Ci si abitua a tutto. Ci si abitua alle assenze, alle attese, alle rinunce. In fondo, a volte, sentire la mancanza di qualcosa o di qualcuno non fa altro che accentuarne il desiderio.

Così, l’abitudine si fa speranza.

Oggi, dopo l’ennesima coltellata alla riapertura dei ristoranti in Svizzera, il pensiero è volato d’istinto ad alcuni volti, ben precisi. Sono quelli dei proprietari del ristorante sotto casa mia, insieme a quelli dei camerieri che da anni condiscono di sapori e simpatia molte mie sere.

Oltrepassare quella porta ed entrare nel locale è sempre stato come arrivare a casa. Ci si conosce tutti, ci si saluta anche con un sorriso, a distanza, e idealmente è come mettersi a sedere in un unico grande tavolo. I proprietari conoscono ogni avventore, ne anticipano i gusti, lo coccolano, lo fanno sentire unico con una semplicità che diventa un lusso. 
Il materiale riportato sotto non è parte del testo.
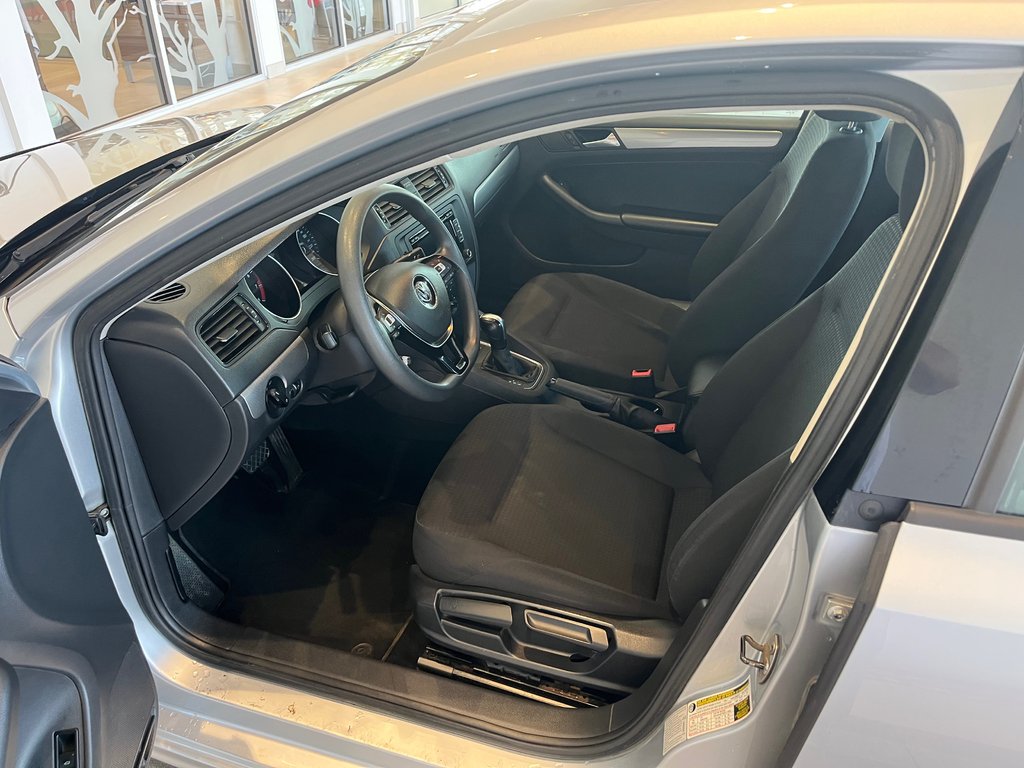 Volkswagen Jetta Sedan  2015 à Amos, Québec - 7 - w1024h768px
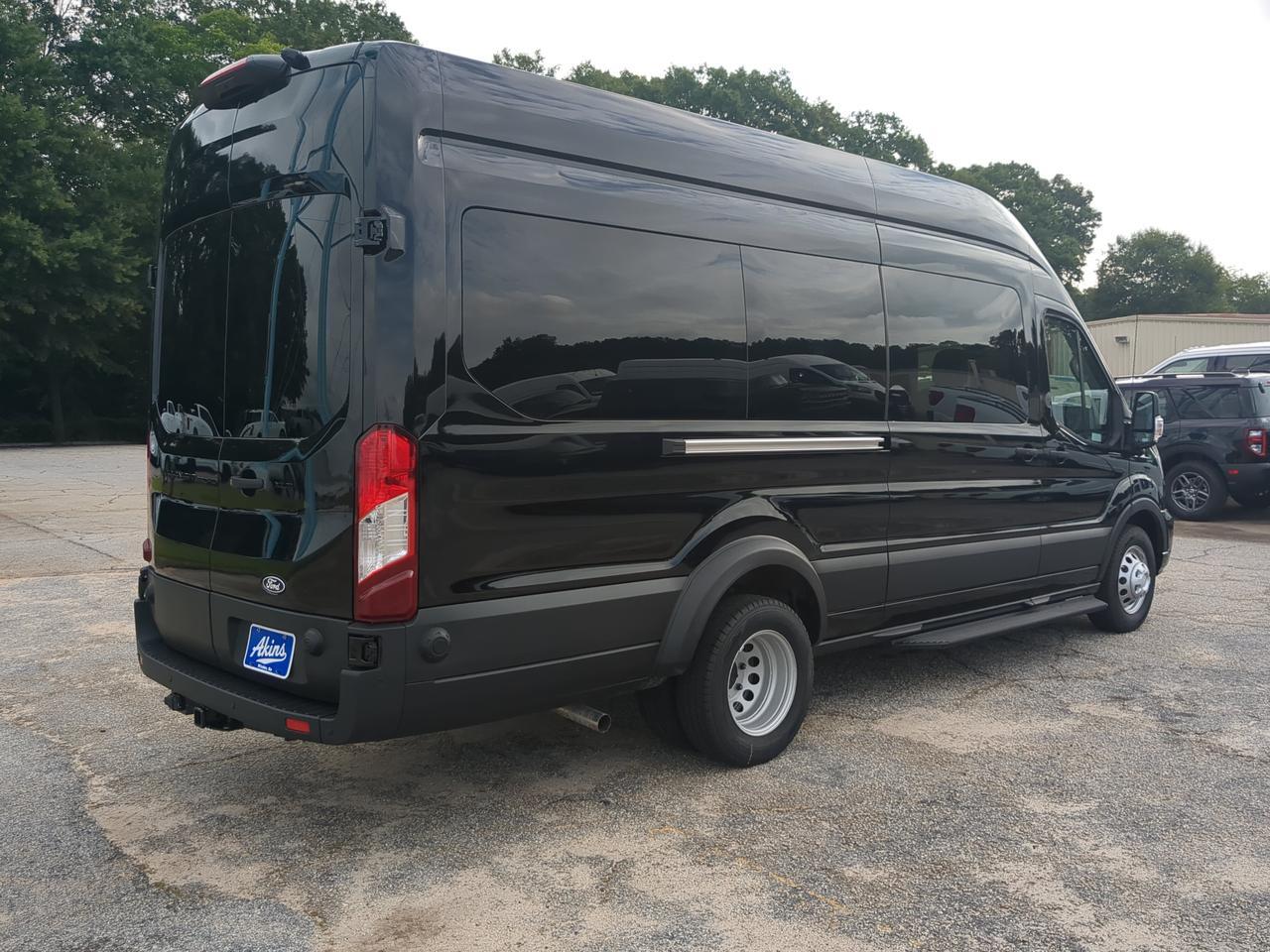 2026 Ford Transit Passenger Wagon XLT Appleton WI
Lo stesso vale per i camerieri. Lo spilungone specializzato nel sorbetto al calvados, il piccolo sempre puntuale con il vino senza bisogno di chiedere, il nuovo ragazzo già di casa, pure lui. Per non parlare del pizzaiolo, mago di quei sapori antichi che non stancano mai. In cucina, loro, i cuochi, che quando sanno della mia presenza inventano una tartare di tonno allo zenzero da sballo, e io sono felice per questa attenzione così speciale. Anzi, ero felice.

Oggi, ripensando ai loro volti soddisfatti per la condivisione di un piacere che andava oltre il semplice mangiare, moltiplico quest’immagine all’infinito. Perché infinite sono le situazioni di persone che non hanno potuto – e ancora non potranno per chissà quanto – offrire pranzi e cene nel proprio ristorante ai soliti avventori, ristorante diventato arido come un nido in attesa della primavera. 

Prendi e porta via? Si fa, certo, anche per solidarietà. Ma il take away manca di anima, non si possono portare via i sorrisi, le chiacchiere, un grazie, o un alla prossima volta! Questo sistema nutre il corpo ma non soddisfa né la mente né il cuore, perché non lascia niente, solo carta da gettare.

E allora abituiamoci a tutto. Ma non dimentichiamo che alcuni vizi apparenti, come l’andare a cena al ristorante, non sono solo leggerezze. Sono collanti umani, dove l’unico rischio di contagio, forse, è il sapore dell’amicizia consumato allo stesso unico grande tavolo!